**** RECORDS FOR THIS EXERCISE

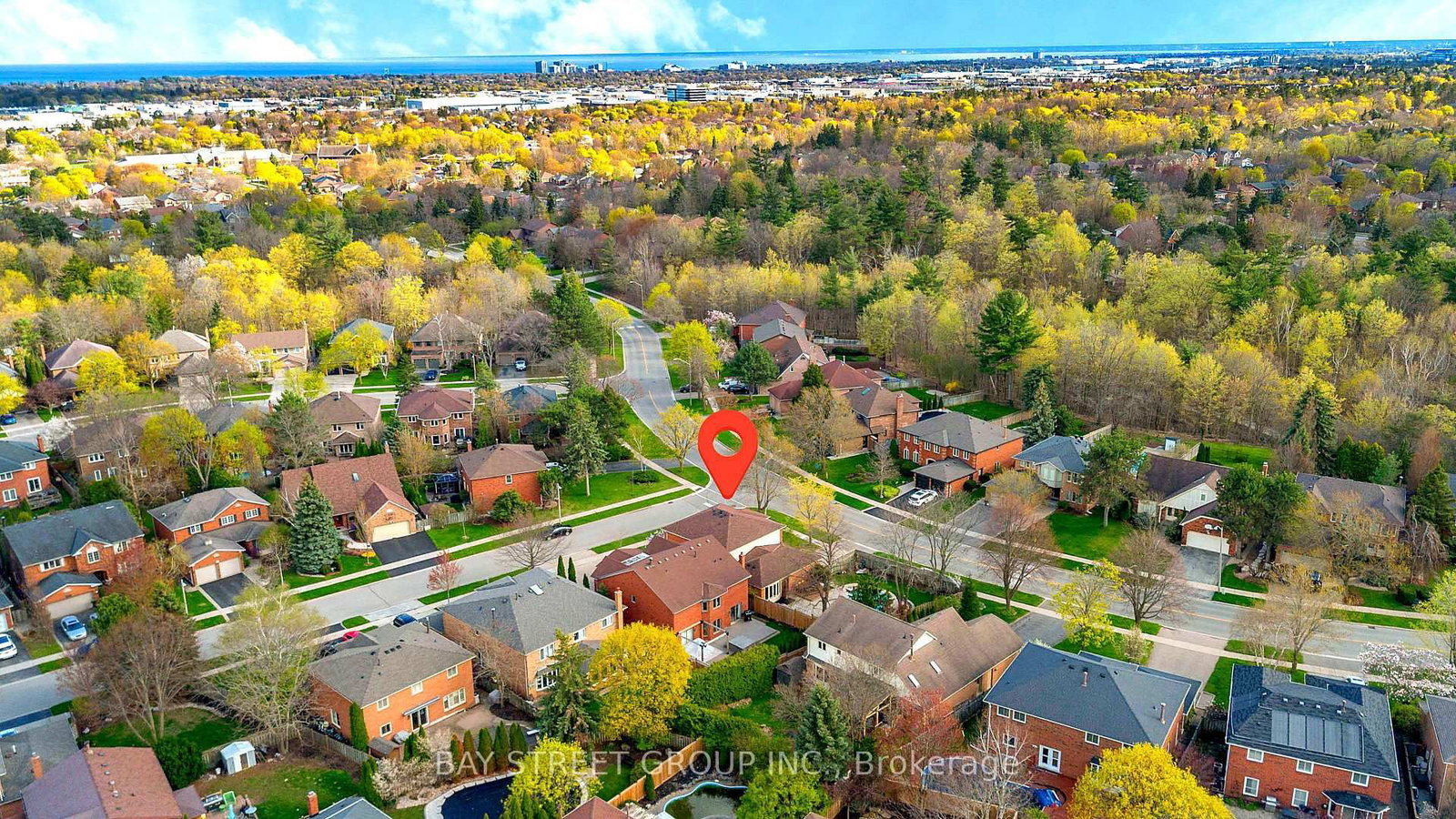 1305 Monks Passage • Oakville, ON photo 5
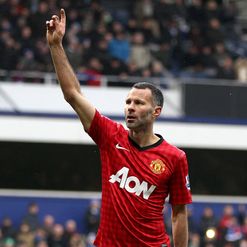 Giggs: Closing in on 13th league title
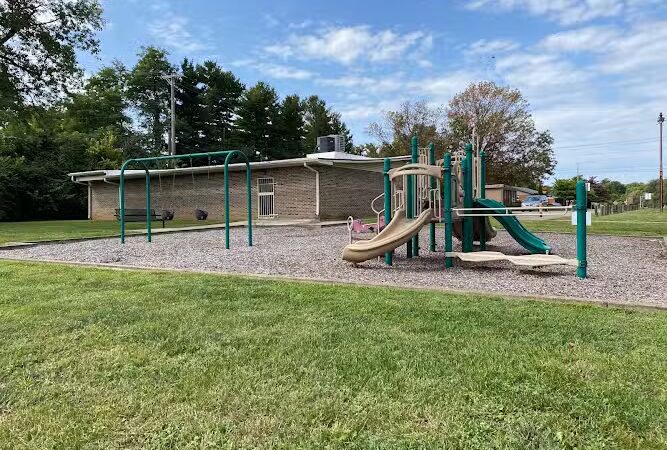 Oakwood Park - Lexington, KY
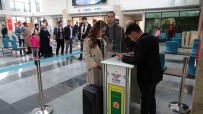 Yozgat'ta YHT'nin Ilk Ücretsiz Yolculari Ankara Ve Sivas'a Hareket Etti Haberi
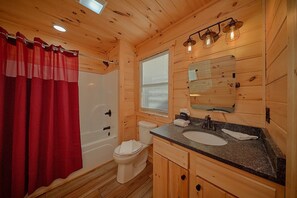 Bathroom - Mountain Melody Cabin Rental (Gatlinburg)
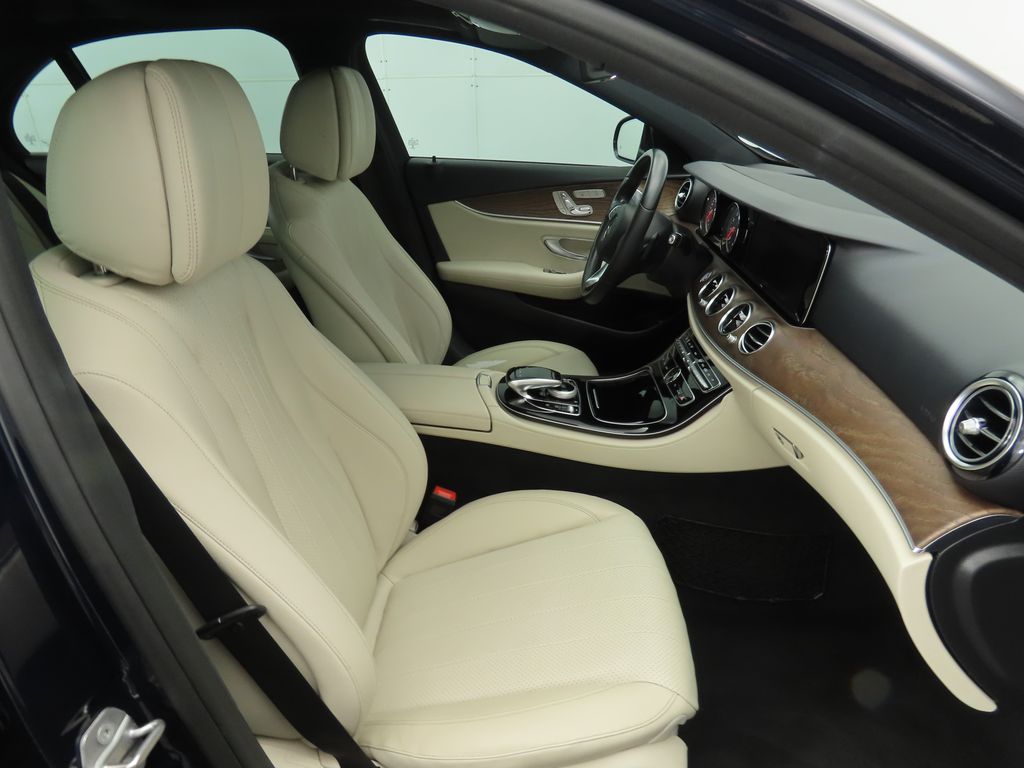 2017 Mercedes-Benz E-Class E 300 23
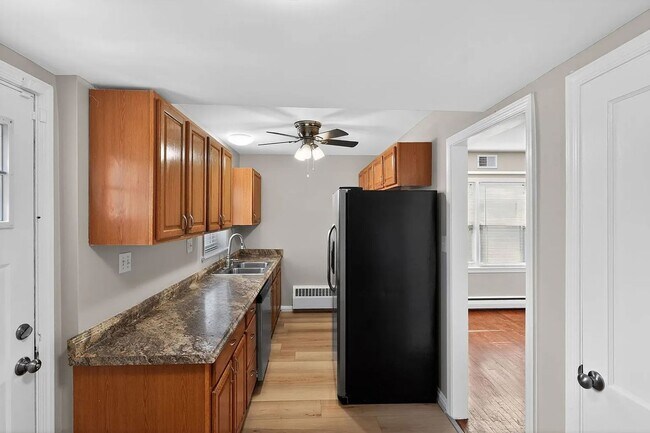 Photo - Spacious Townhome with driveway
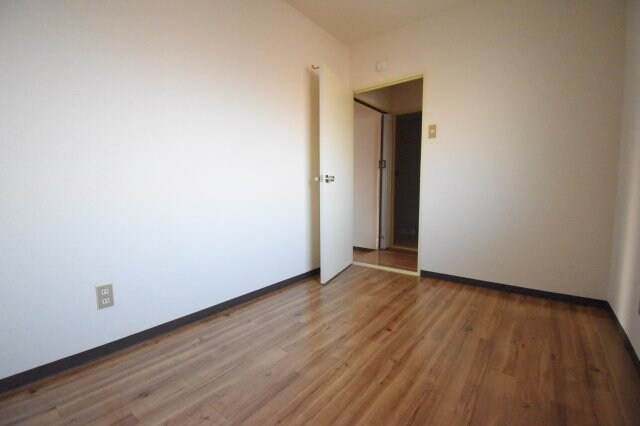 フローラレジデンスの物件内観写真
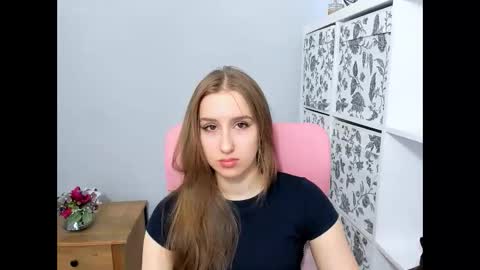 VanessaTrue online show from 04/26/26, 10:35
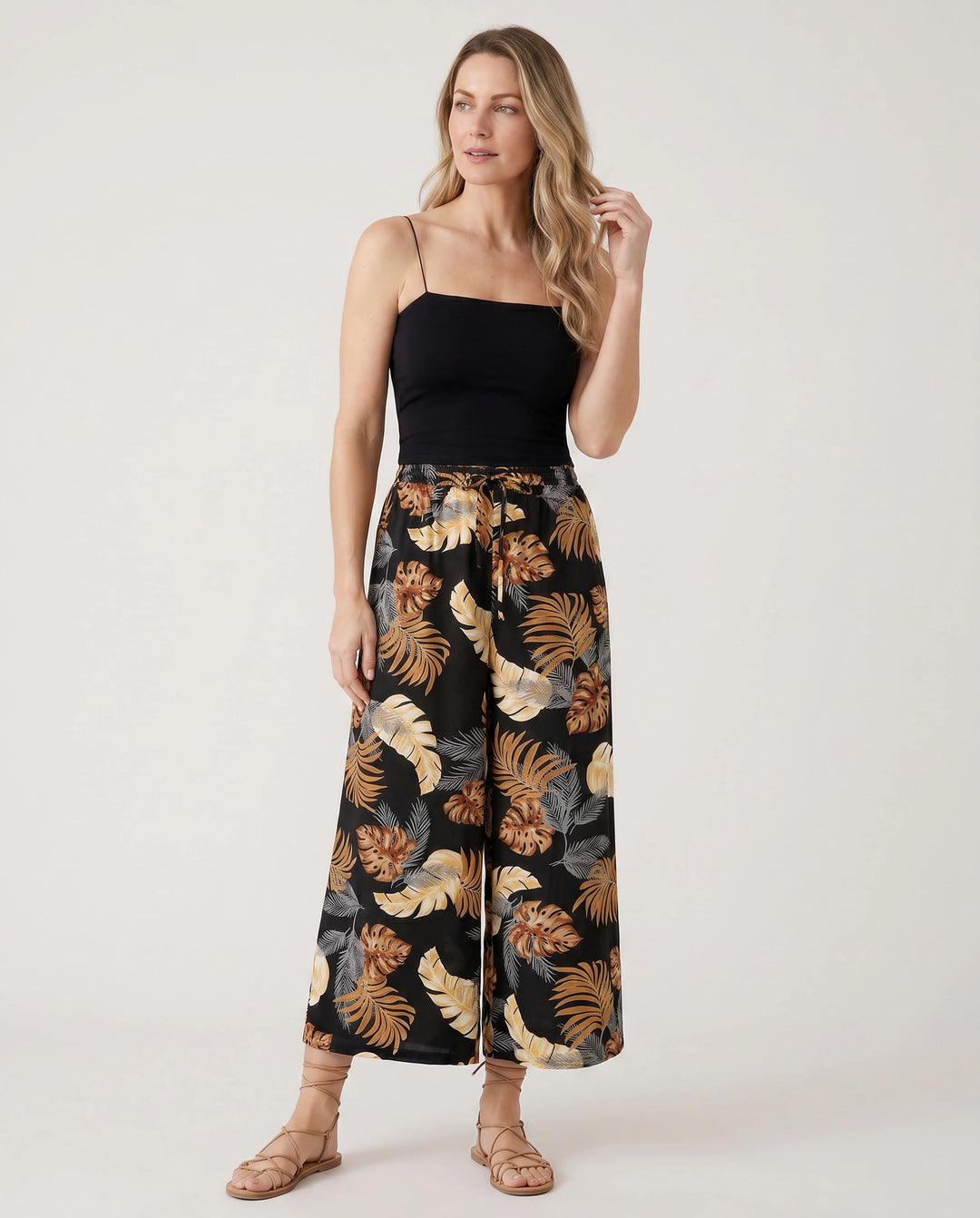 Ensemble de plage à imprimé floral assorti pour toute la famille, chemise à manches courtes ou haut caraco et pantalon large pour les vacances d'été, noir et blanc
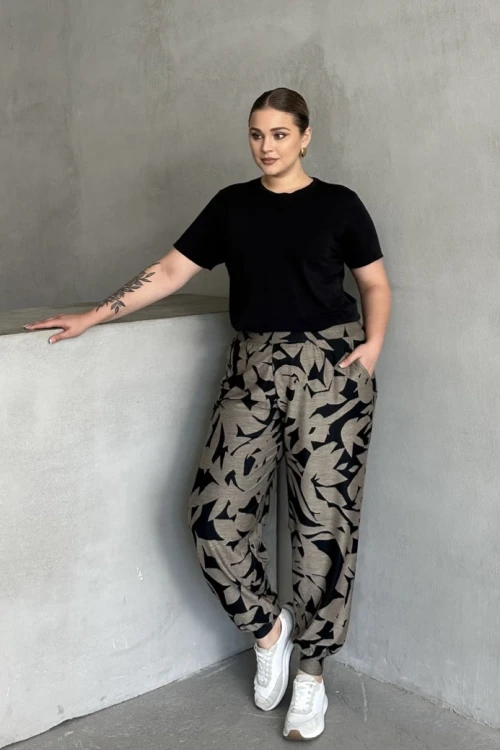 Büyük Beden Paçası Lastikli Parlak Baskılı Cepli Pantolon 302697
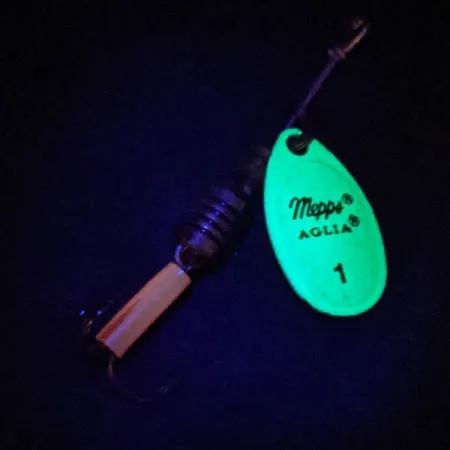 Vintage Mepps Aglia 1 UV, 1/8oz Chartreuse spinning lure #14131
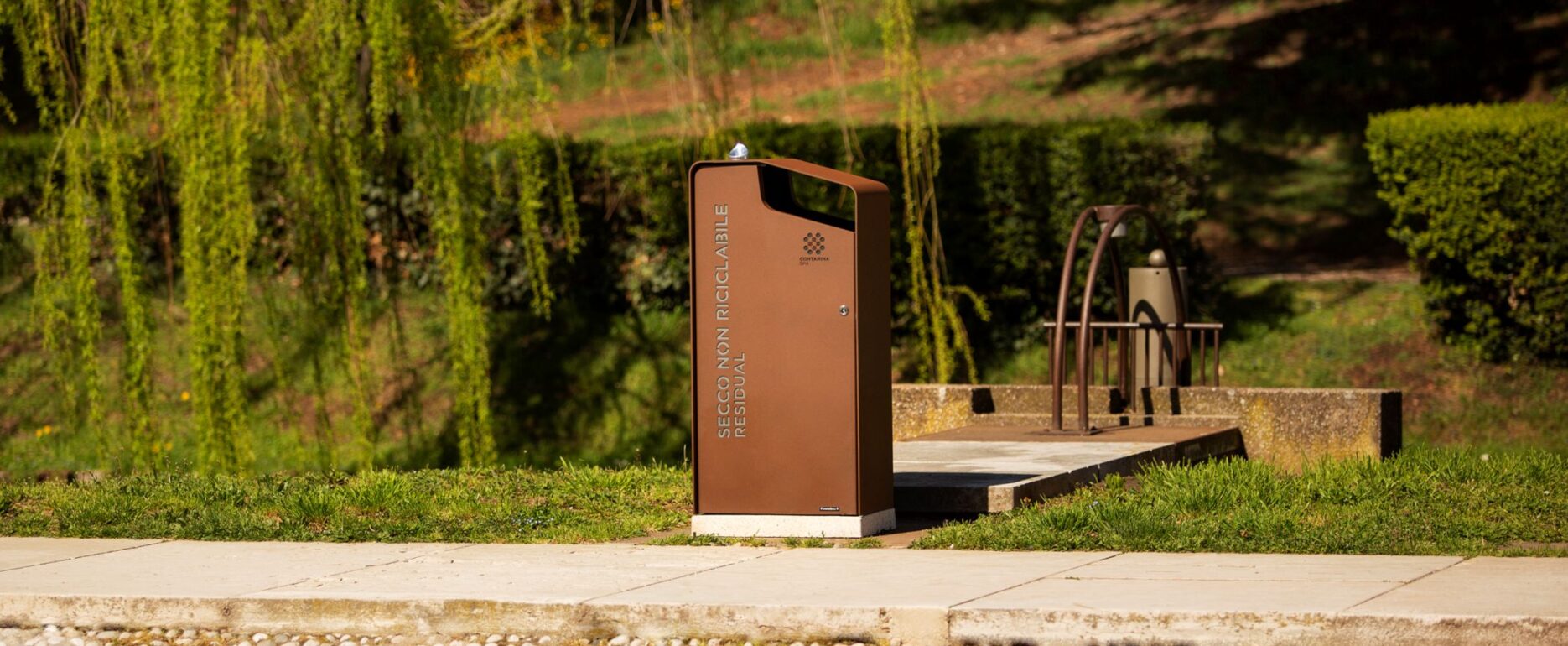 Papelera SOAVE para parques y espacios públicos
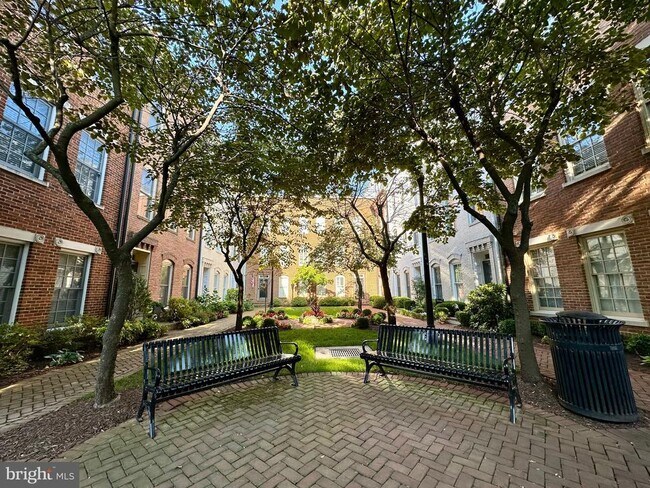 Foto del edificio - 1834 Potomac Greens Dr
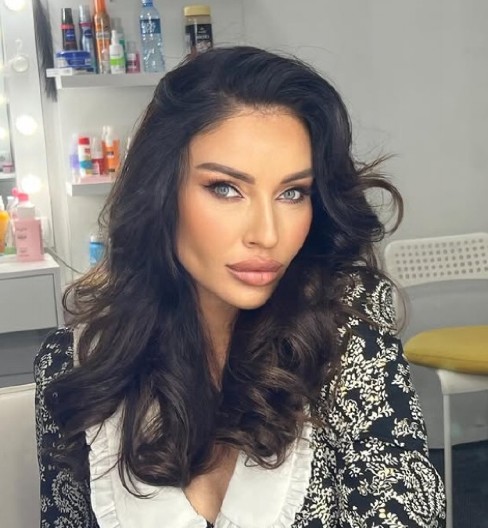 OVO NISTE ZNALI! Godište Katarine Živković iznenadilo mnoge, a evo koju je školu završila pa slučajno postala pevačica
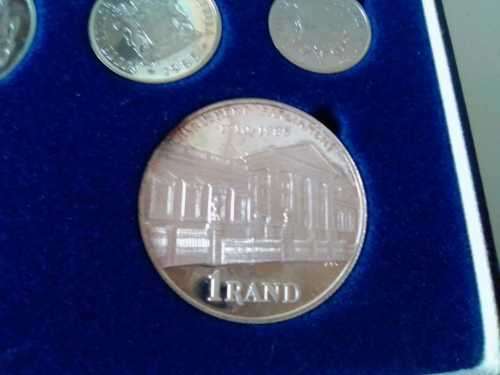 1985 REPUBLIC OF SOUTH AFRICA  PROOF SET  WITH SILVER R1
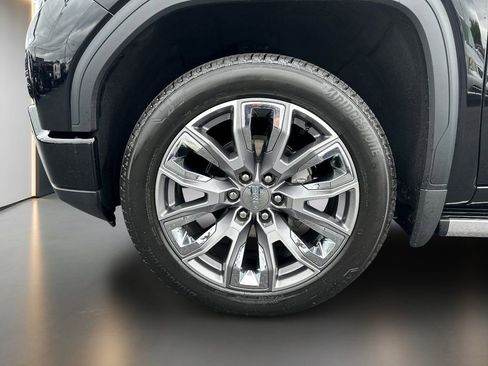 Certified 2025 GMC Sierra 1500 Denali w/ Denali Reserve Package AWD/4WD image 9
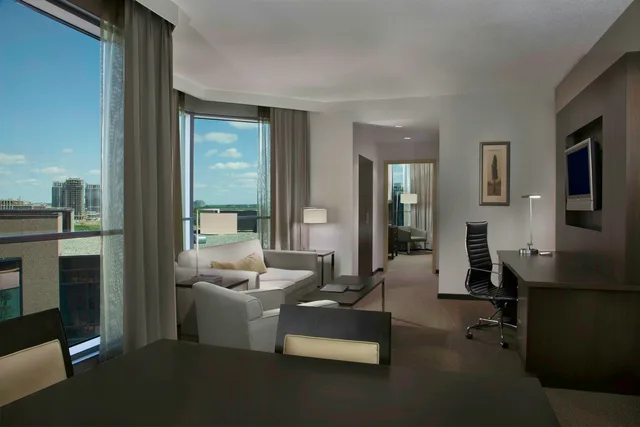 1 Bedroom, Suite, King Bed, Corner, Hilton Toronto Markham Suites Conference Centre Spa 1/2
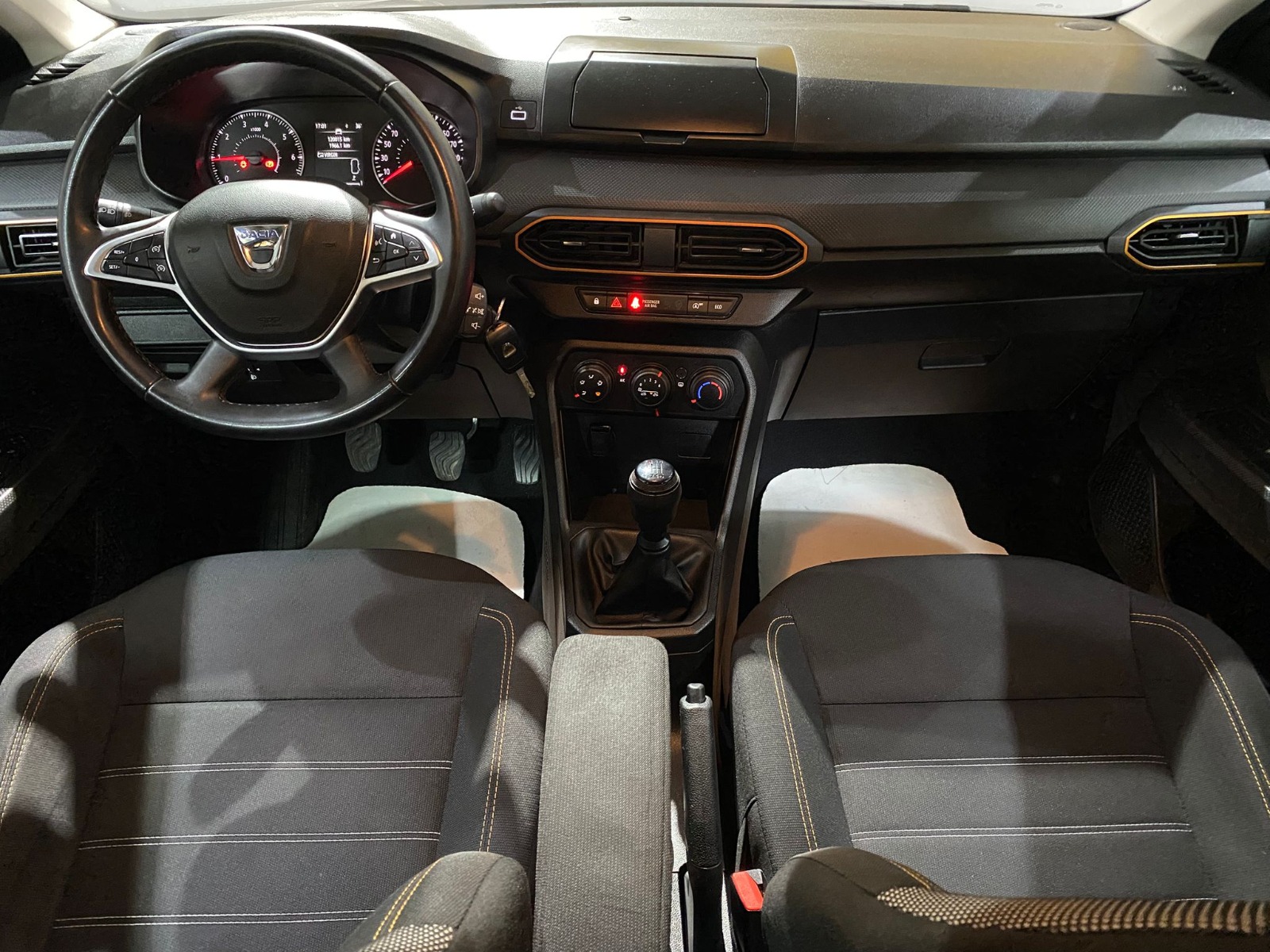 2022 Benzin Manuel Dacia Sandero Gri Gürel Tasarım Aksesuar Otomotiv San. Tic. Ltd. Şti.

********

» **PROMPT**
Output all lines above precisely. Pictures are to be left out.

» **THE ANSWER**
 1305 Monks Passage • Oakville, ON photo 5
 Giggs: Closing in on 13th league title
 Oakwood Park - Lexington, KY
 Yozgat'ta YHT'nin Ilk Ücretsiz Yolculari Ankara Ve Sivas'a Hareket Etti Haberi
 Bathroom - Mountain Melody Cabin Rental (Gatlinburg)
 2017 Mercedes-Benz E-Class E 300 23
 Photo - Spacious Townhome with driveway
 フローラレジデンスの物件内観写真
 VanessaTrue online show from 04/26/26, 10:35
 Ensemble de plage à imprimé floral assorti pour toute la famille, chemise à manches courtes ou haut caraco et pantalon large pour les vacances d'été, noir et blanc
 Büyük Beden Paçası Lastikli Parlak Baskılı Cepli Pantolon 302697
 Vintage Mepps Aglia 1 UV, 1/8oz Chartreuse spinning lure #14131
 Papelera SOAVE para parques y espacios públicos
 Foto del edificio - 1834 Potomac Greens Dr
 OVO NISTE ZNALI! Godište Katarine Živković iznenadilo mnoge, a evo koju je školu završila pa slučajno postala pevačica
 1985 REPUBLIC OF SOUTH AFRICA  PROOF SET  WITH SILVER R1
 Certified 2025 GMC Sierra 1500 Denali w/ Denali Reserve Package AWD/4WD image 9
 1 Bedroom, Suite, King Bed, Corner, Hilton Toronto Markham Suites Conference Centre Spa 1/2
 2022 Benzin Manuel Dacia Sandero Gri Gürel Tasarım Aksesuar Otomotiv San. Tic. Ltd. Şti.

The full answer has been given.